■ **Problem requirements**
In the material below, begin at the line that has "Penti Kız Çocuk", stop after the line that has "Buy Casual Round Neck Top Navy Blue in UAE", and transcribe those lines exactly, without pictures.

■ **Source material**
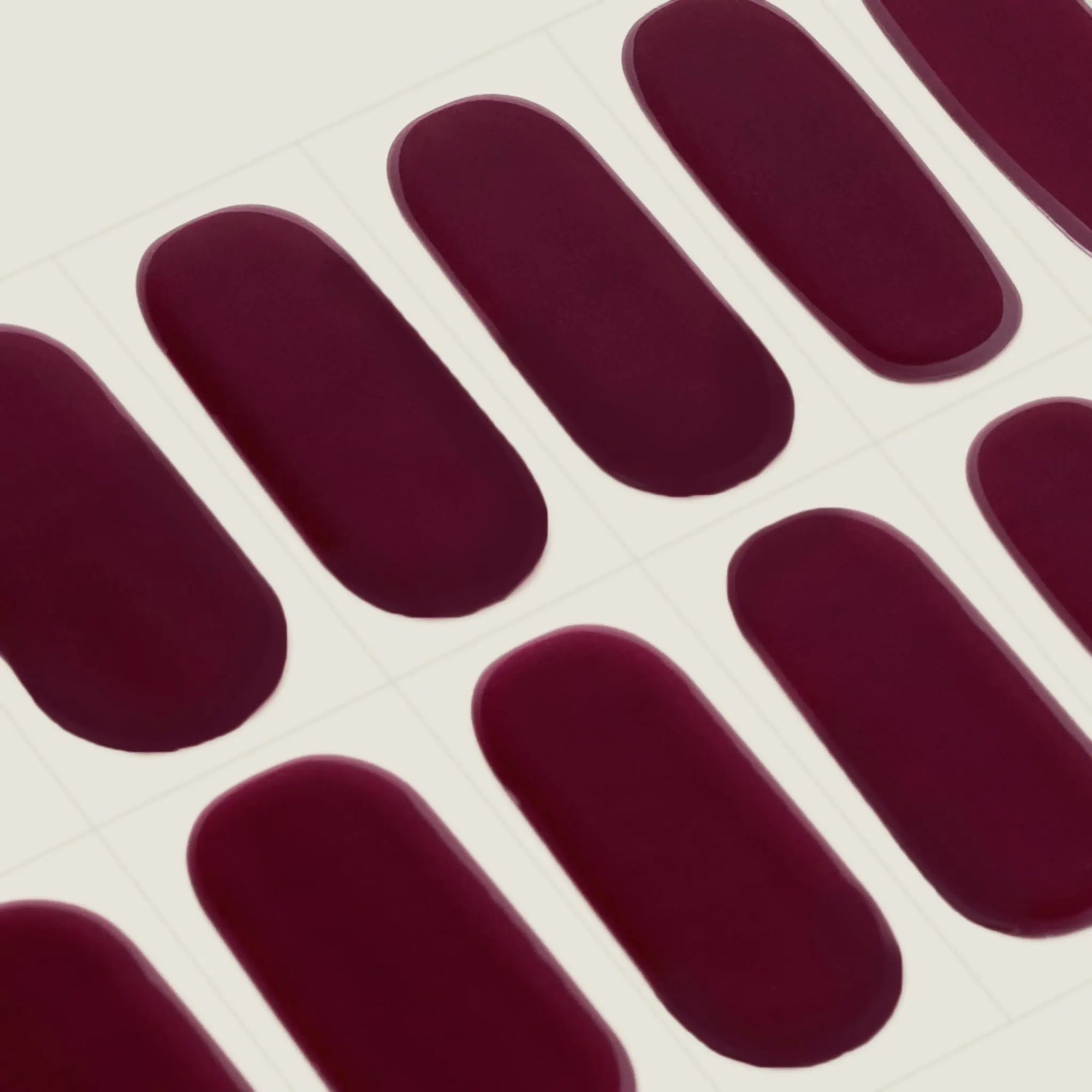 mesme Barbara Burgundy 10-Day UV-Free Nail Wraps — Strip Sheet Close-Up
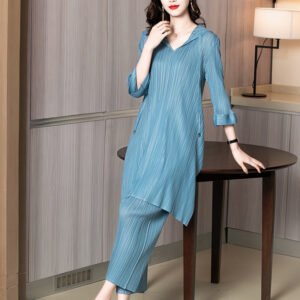 Wrinkle set, new loose, age reducing, flesh blocking, plus size, stylish, simple, pleated two-piece set for women K200922：圖片 7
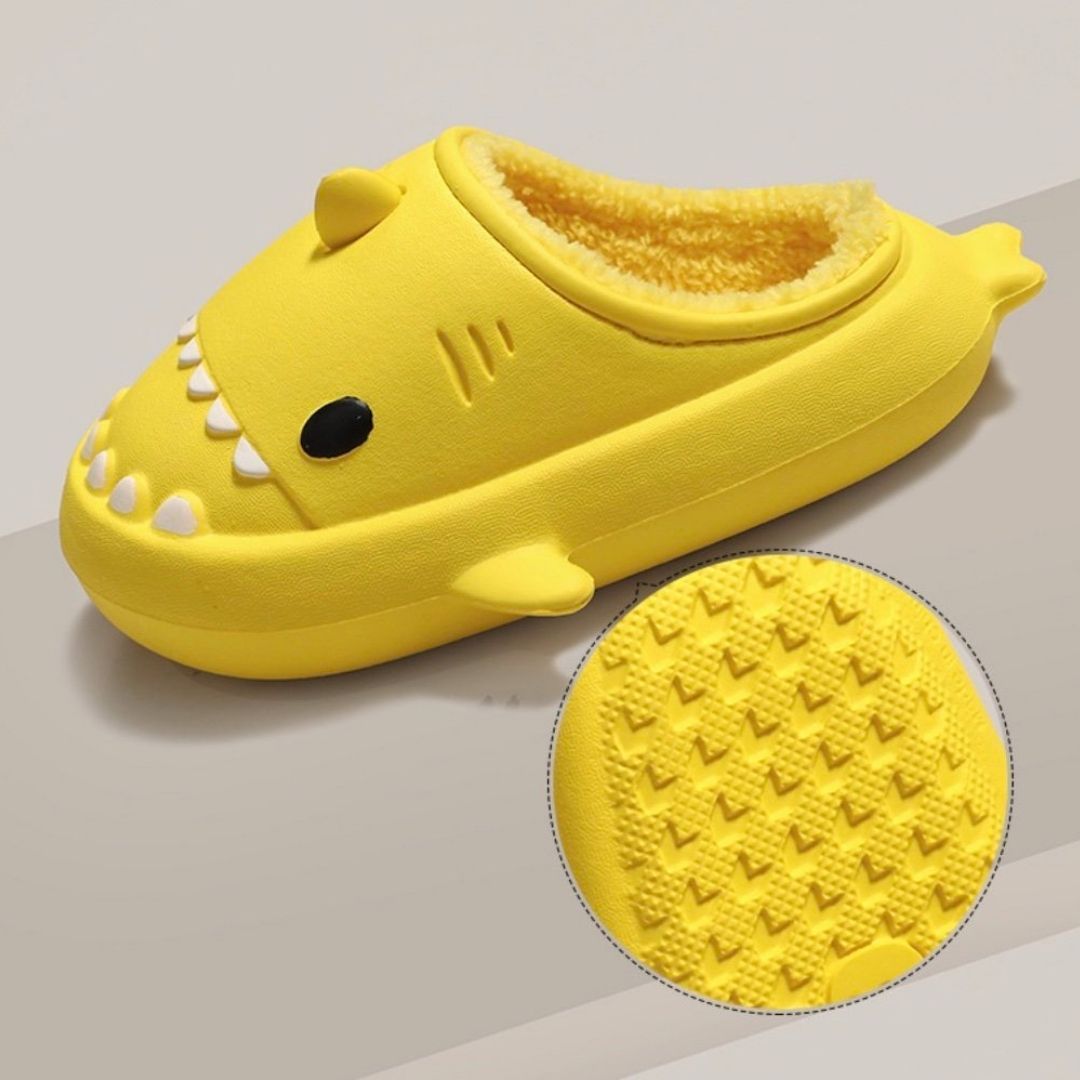 OCW Family Winter Comfortable Short Warm Fur Nonslip Waterproof Cute Shark Home Slippers Design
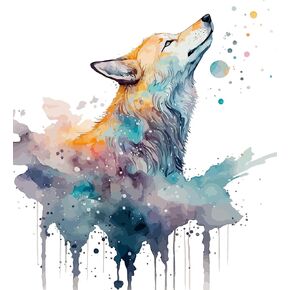 Adorable Watercolor Wolf Wall Stickers for Nursery, Cute Lovely Forest Animal Decals Vinyl Waterproof Peel Removable Murals for Kids Baby Room Bathroom Toilet Playroom Furniture Classroom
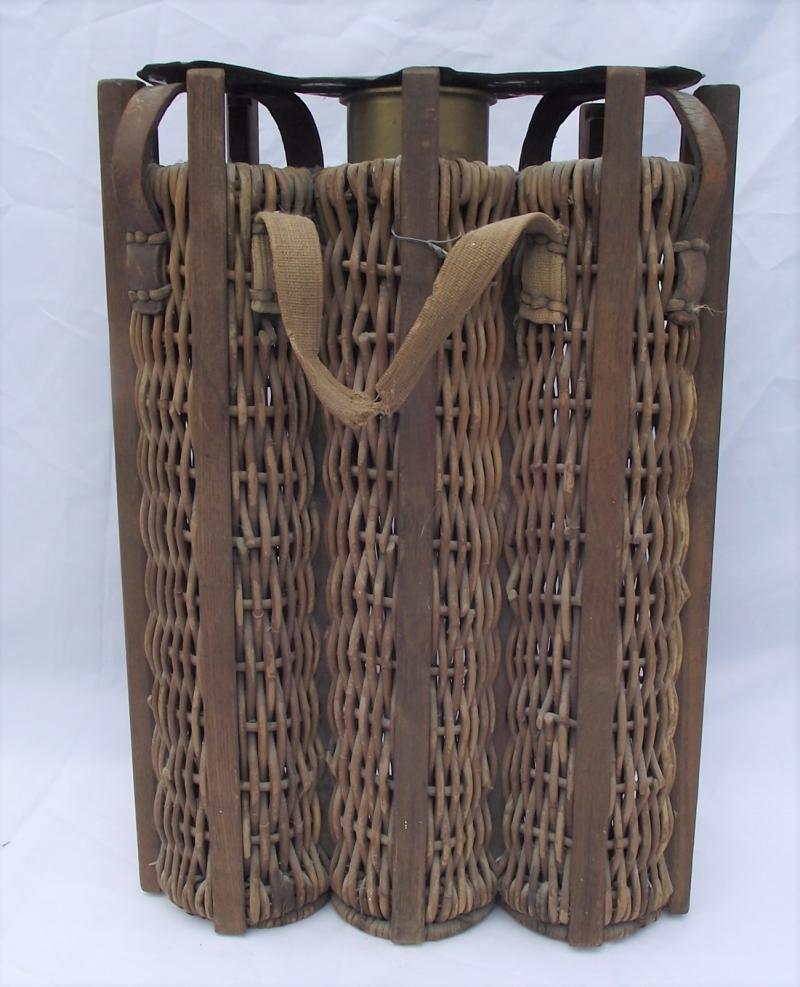 WW1 German Wicker Artillery Three Pocket Shell Carrier.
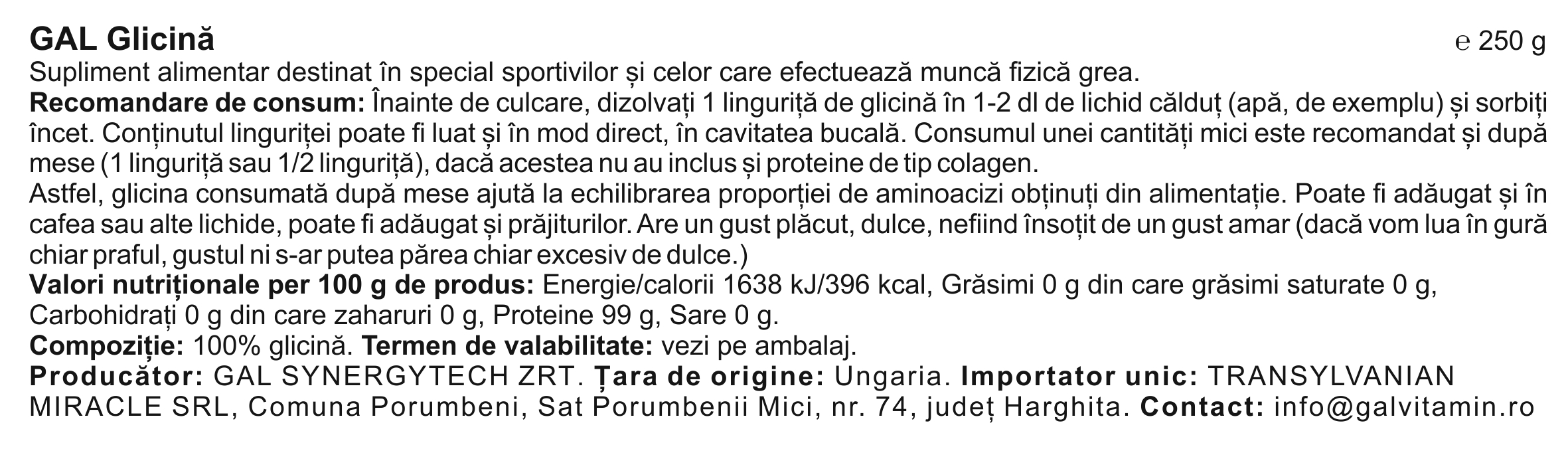 GAL Glicina- 250g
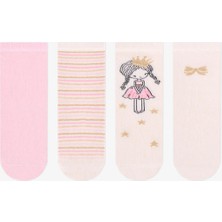 Penti Kız Çocuk Pembe Sparkle Princess Prenses Desenli Pamuklu 4 Çift Soket Çorap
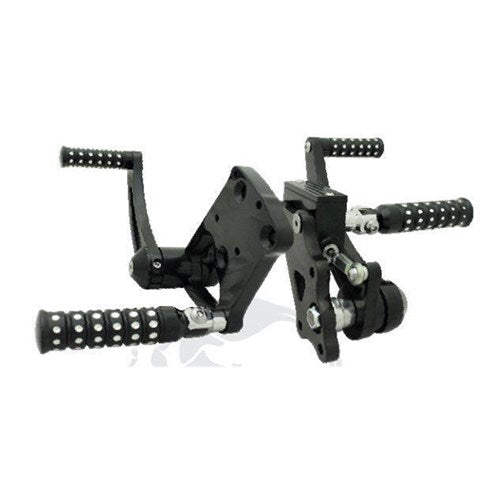 #SCORPION FORWARD CONTROL BLACK SLOTTED W/MICRO HOLES CHR PEGS TWIN CAM SOFTAIL STD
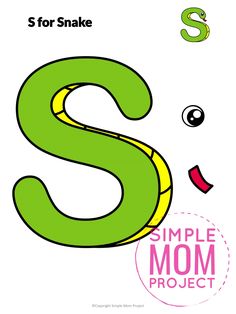 the letter s for snake is shown in green and yellow with an eye on it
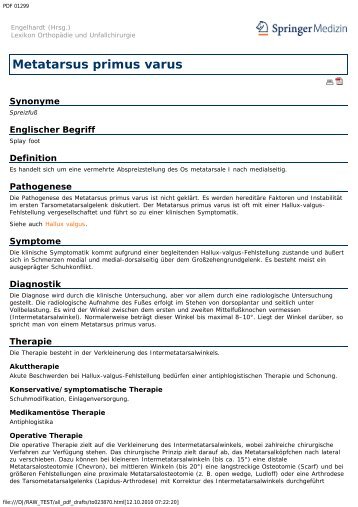 Metatarsus primus varus - Engelhardt Lexikon OrthopÃ¤die und ...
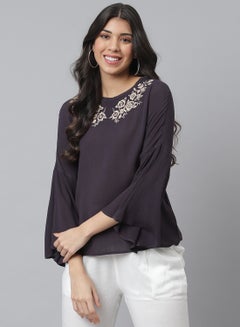Buy Casual Round Neck Top Navy Blue in UAE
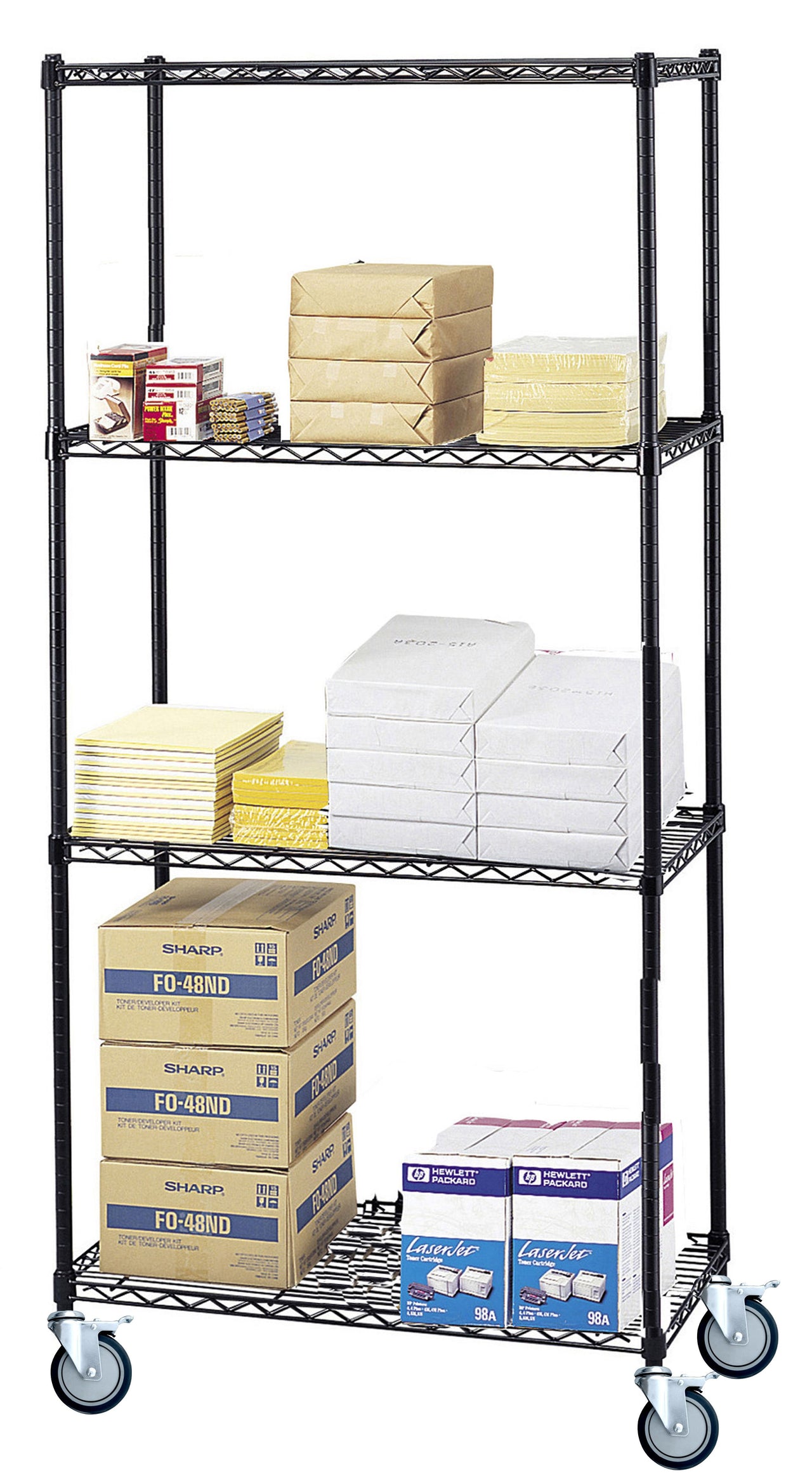 24" Deep x 30" Wide 4 Tier Black Wire Shelf Truck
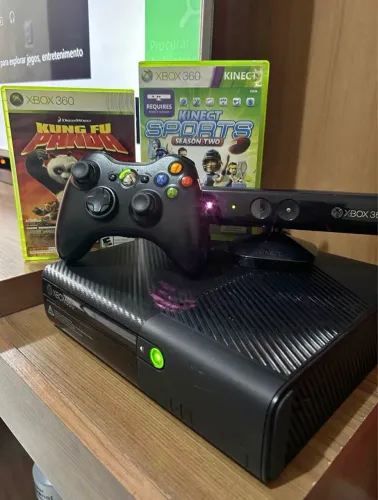 XBOX 360 SUPER SLIN 2014 COMPLETO + 2 JOGOS BLOQUEADO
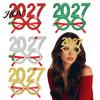 Lightweight Decorative Frames 2 Pcs 2027 New Year Eyeglasses, Plastic Glitter Number Glass Frame, Celebration Eyewear for Events Shiny Unisex Headband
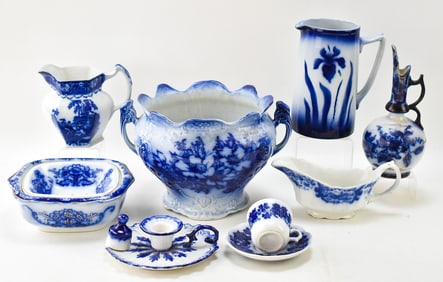 19TH C. STAFFORDSHIRE & ASSORTED ENGLISH FLOW-BLUE CHINOISERIE TABLEWARE
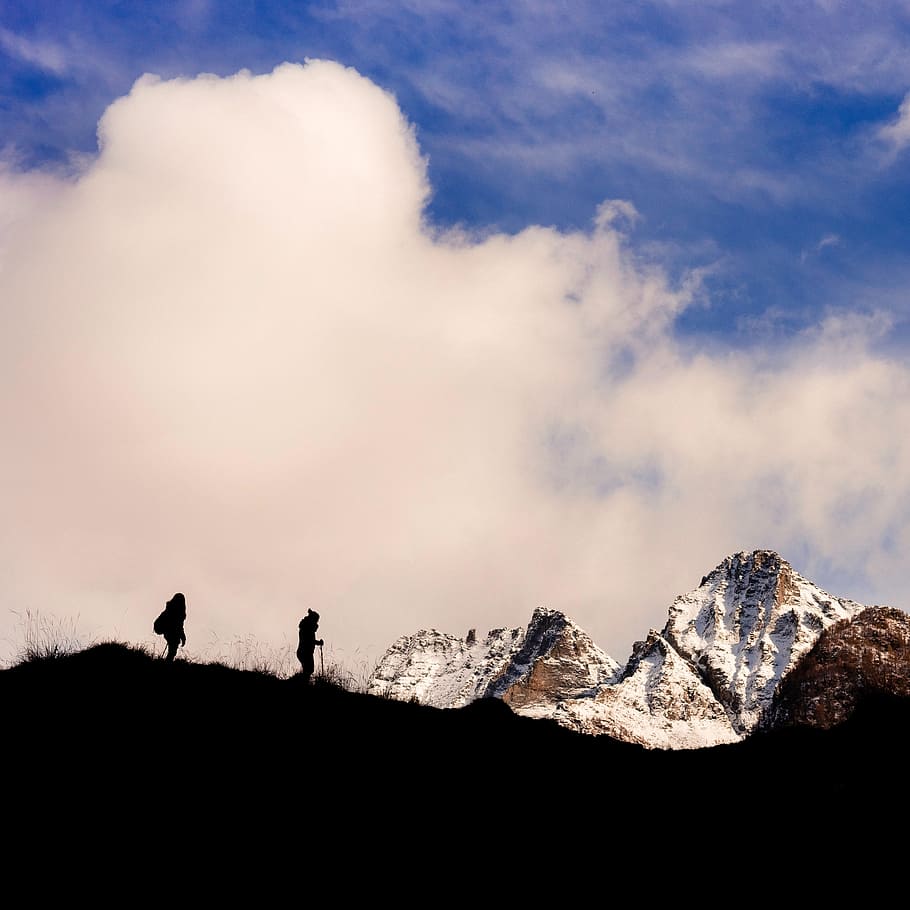 cloud, sky, landscape, highland, mountain, rocks, cliff, people HD wallpaper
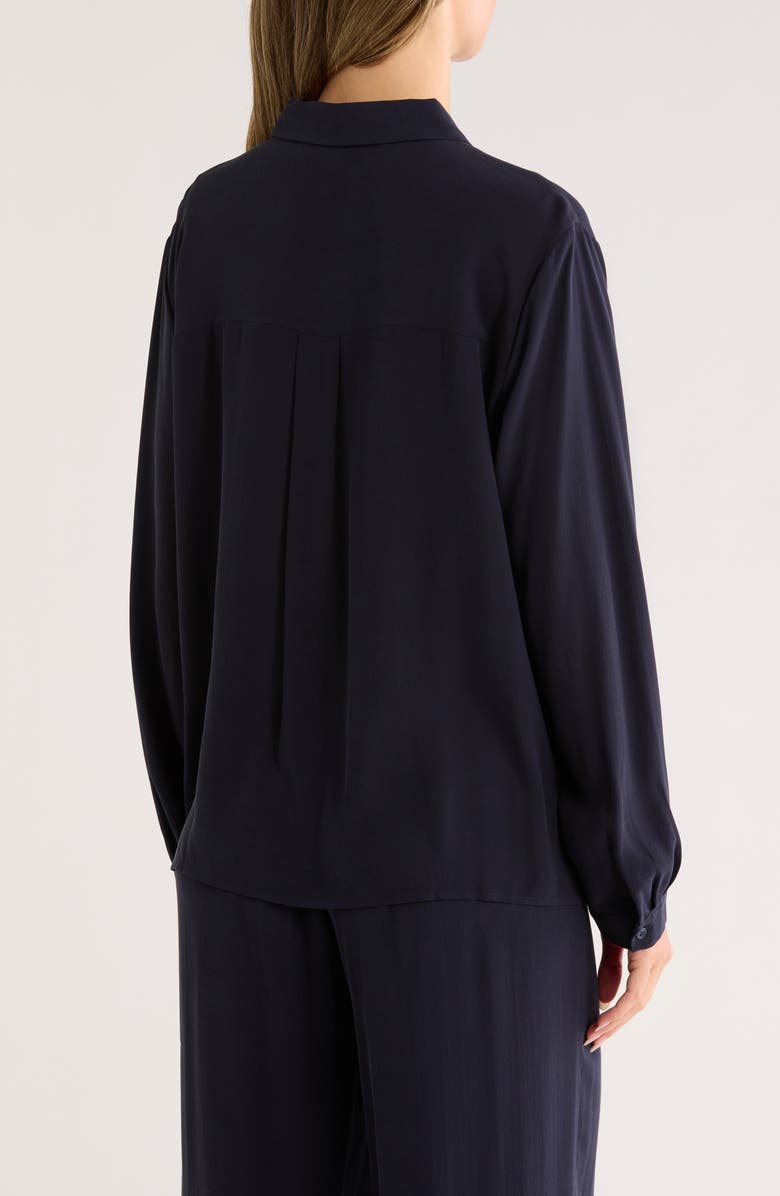 Eileen Fisher Classic Silk Button-Up Shirt, Alternate, color, Ink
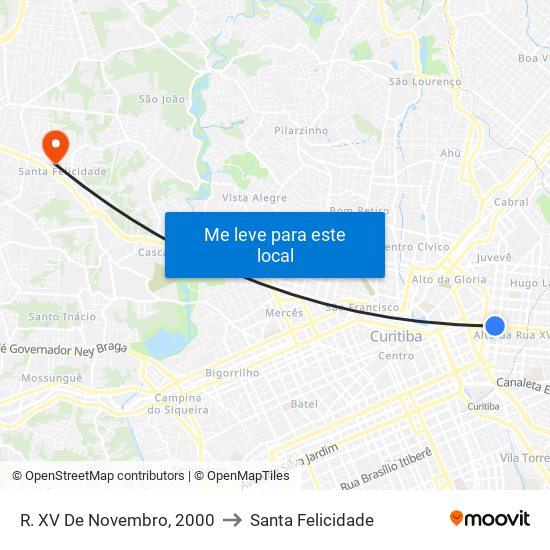 R. XV De Novembro, 2000 to Santa Felicidade map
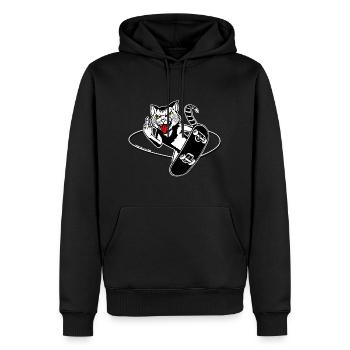Skate Flip Cat - Men’s Premium Organic Hoodie - black - Front - Nico (187cm)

■ **Response area**
 Penti Kız Çocuk Pembe Sparkle Princess Prenses Desenli Pamuklu 4 Çift Soket Çorap
 #SCORPION FORWARD CONTROL BLACK SLOTTED W/MICRO HOLES CHR PEGS TWIN CAM SOFTAIL STD
 the letter s for snake is shown in green and yellow with an eye on it
 Metatarsus primus varus - Engelhardt Lexikon OrthopÃ¤die und ...
Buy Casual Round Neck Top Navy Blue in UAE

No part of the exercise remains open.